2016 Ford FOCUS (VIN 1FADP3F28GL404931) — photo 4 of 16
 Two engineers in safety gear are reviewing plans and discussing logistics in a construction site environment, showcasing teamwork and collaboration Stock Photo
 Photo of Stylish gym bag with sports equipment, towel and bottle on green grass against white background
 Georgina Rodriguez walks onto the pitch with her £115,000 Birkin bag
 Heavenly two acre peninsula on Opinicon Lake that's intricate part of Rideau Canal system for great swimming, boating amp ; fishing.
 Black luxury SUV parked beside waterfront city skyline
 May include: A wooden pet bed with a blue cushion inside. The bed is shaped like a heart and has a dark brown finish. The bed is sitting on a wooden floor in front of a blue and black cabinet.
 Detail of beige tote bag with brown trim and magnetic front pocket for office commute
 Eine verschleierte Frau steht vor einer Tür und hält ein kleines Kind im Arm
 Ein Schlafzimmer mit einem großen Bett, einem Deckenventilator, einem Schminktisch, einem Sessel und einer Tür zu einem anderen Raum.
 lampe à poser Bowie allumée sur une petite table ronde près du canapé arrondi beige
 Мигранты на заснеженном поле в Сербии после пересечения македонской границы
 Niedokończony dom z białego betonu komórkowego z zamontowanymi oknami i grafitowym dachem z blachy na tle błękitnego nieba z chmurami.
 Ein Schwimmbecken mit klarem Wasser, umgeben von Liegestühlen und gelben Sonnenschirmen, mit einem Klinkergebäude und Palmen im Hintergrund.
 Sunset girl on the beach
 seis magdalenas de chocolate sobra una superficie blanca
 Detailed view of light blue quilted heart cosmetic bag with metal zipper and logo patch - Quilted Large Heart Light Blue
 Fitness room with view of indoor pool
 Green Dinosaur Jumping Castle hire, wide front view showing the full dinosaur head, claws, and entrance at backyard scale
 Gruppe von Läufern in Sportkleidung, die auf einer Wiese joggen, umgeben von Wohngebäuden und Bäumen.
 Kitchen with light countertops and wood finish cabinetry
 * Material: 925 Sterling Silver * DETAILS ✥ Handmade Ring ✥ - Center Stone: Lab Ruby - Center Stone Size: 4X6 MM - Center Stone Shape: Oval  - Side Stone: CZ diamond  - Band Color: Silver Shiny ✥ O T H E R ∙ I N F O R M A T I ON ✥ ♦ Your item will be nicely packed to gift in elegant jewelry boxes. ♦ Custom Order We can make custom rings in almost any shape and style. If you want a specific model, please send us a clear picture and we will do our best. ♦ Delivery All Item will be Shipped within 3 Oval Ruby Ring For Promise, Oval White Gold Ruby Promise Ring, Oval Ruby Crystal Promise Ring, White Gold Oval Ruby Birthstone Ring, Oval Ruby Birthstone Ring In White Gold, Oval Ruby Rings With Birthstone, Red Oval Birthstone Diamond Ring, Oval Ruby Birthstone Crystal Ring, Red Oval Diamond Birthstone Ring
......
Show each line of the data that contains the string "light".

[PROBLEM SOLUTION]
 Detailed view of light blue quilted heart cosmetic bag with metal zipper and logo patch - Quilted Large Heart Light Blue
 Kitchen with light countertops and wood finish cabinetry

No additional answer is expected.